Design

Good urban design is an essential component in creating a successful city.
Good design is crucial to creating places and spaces that thrive with activity and are valued by the community. The implementation of good quality design standards will improve the day-to-day experience of those who live, work, play, and travel in and around Salford. Spaces and places should be accessible and useable for all; design affects how we interact with our environments. Design contributes to how a local park is used to meet the needs of a diverse population and a range of ages, to ensuring that people feel they can move around the city’s streets safely; good design is integral to making the city a success.

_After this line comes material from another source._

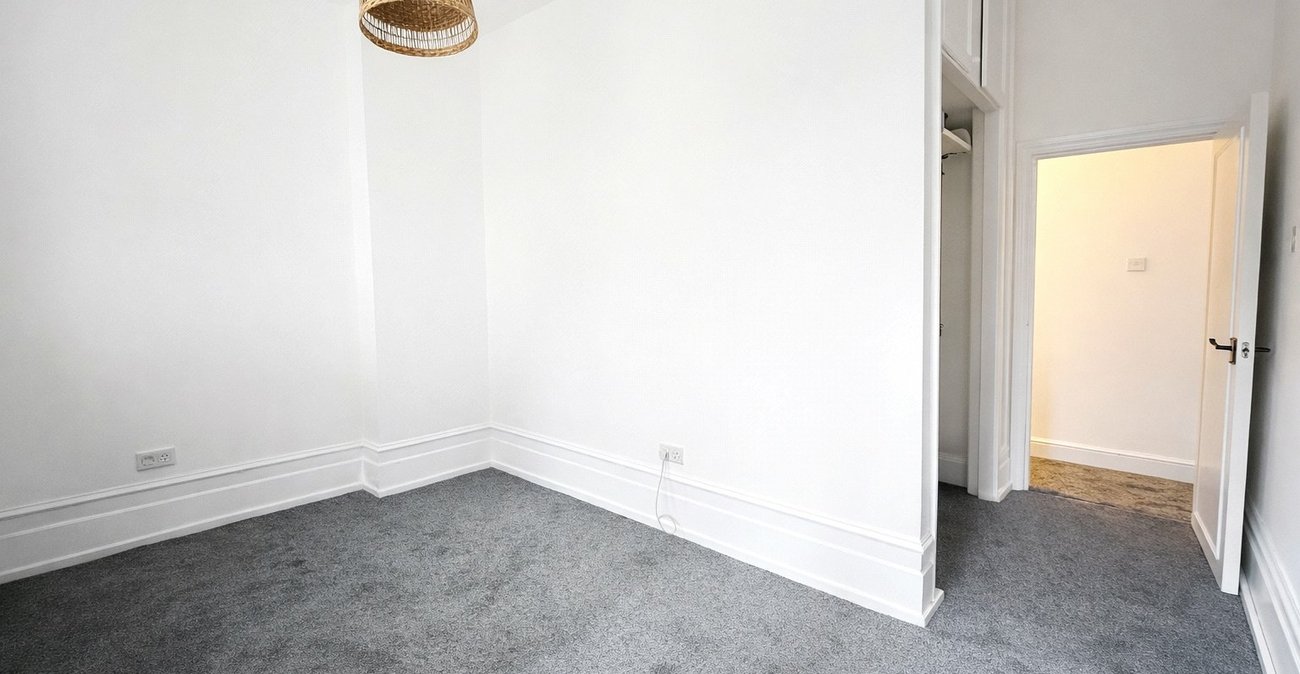 2 bedroom property for sale in Catford | Robinson Jackson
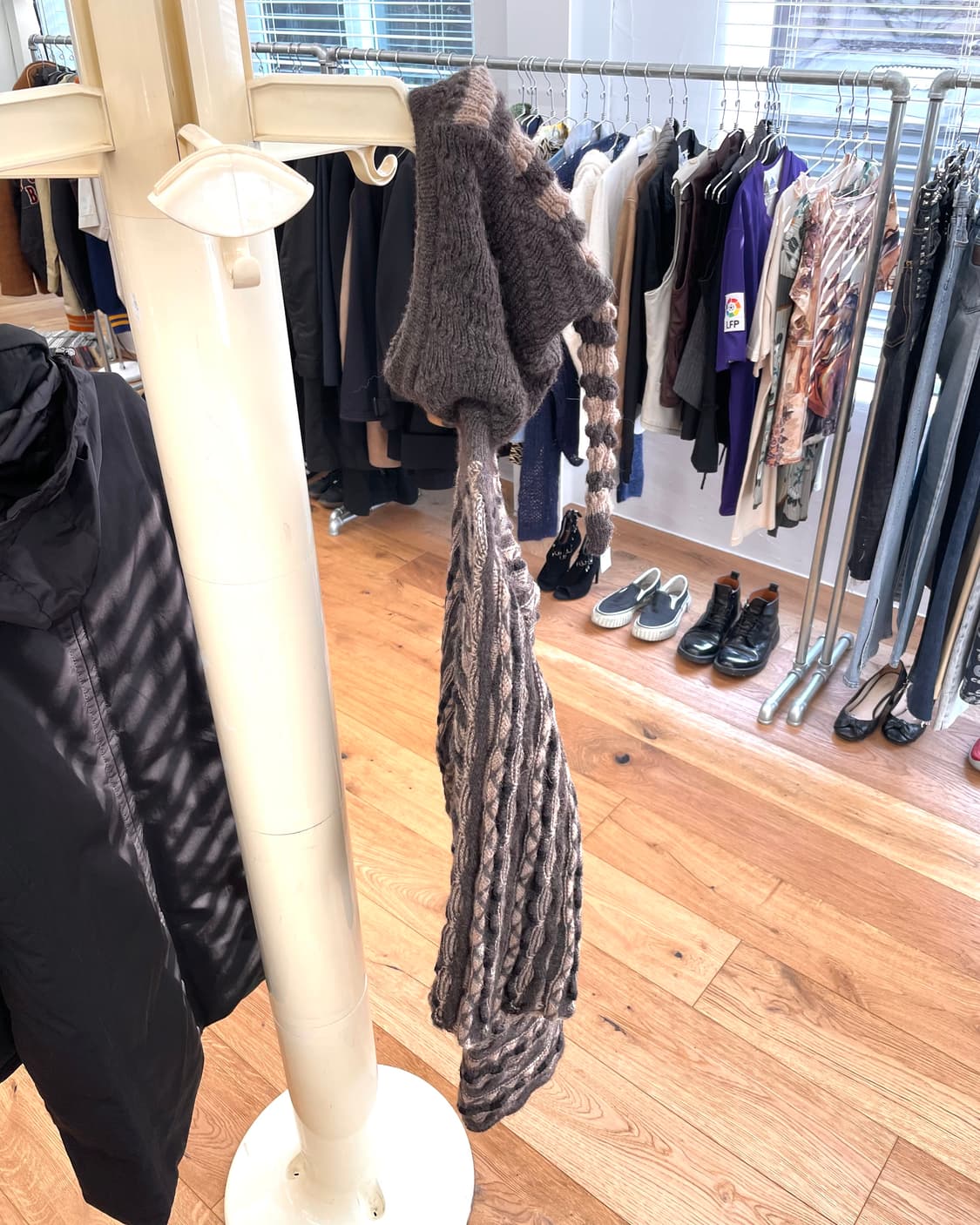 버나드윌헴 바라클라바 니트 스웨터 상품이미지2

Over recent years the government has placed increased emphasis on design and quality in urban regeneration and development; Salford City Council seeks to achieve high standards of design across the city and has been active in producing a number of documents which set out principles and aspirations for all future development. These documents cover a wide range of areas, whether it is citywide policy or area specific policy.
These documents are integral to raising design standards within the city; the results of many of these documents are now increasingly visible on the ground.
Supplementary Planning Document: Design Shaping Salford
Adopted March 2008, this document is applicable city-wide and seeks to raise the standards of design and quality. Whilst providing overarching principles for the city, the document also presents guidance applicable to identified local character areas within the Regional Centre, Central Salford, and Salford West.
Supplementary Planning Document: Sustainable Design and Construction
Adopted March 2008 to provide additional guidance on the integration of sustainable design and construction measures in new and existing developments.
Supplementary Planning Document: Design and Crime
Adopted July 2006, the document aims to help assess and determine planning applications and is intended to guide architects, developers, landscape architects and urban designers in designing out crime.
Supplementary Planning Document: Lower Broughton Design Code
This document, as adopted January 2006, sets out the design principles that are used to govern development as part of the regeneration of the Lower Broughton area of the city.
There are also numerous area specific planning guidance documents. These include Salford Central, Ordsall Riverside, The Exchange Greengate, MediaCityUK and Quayspoint, and Irwell City Park.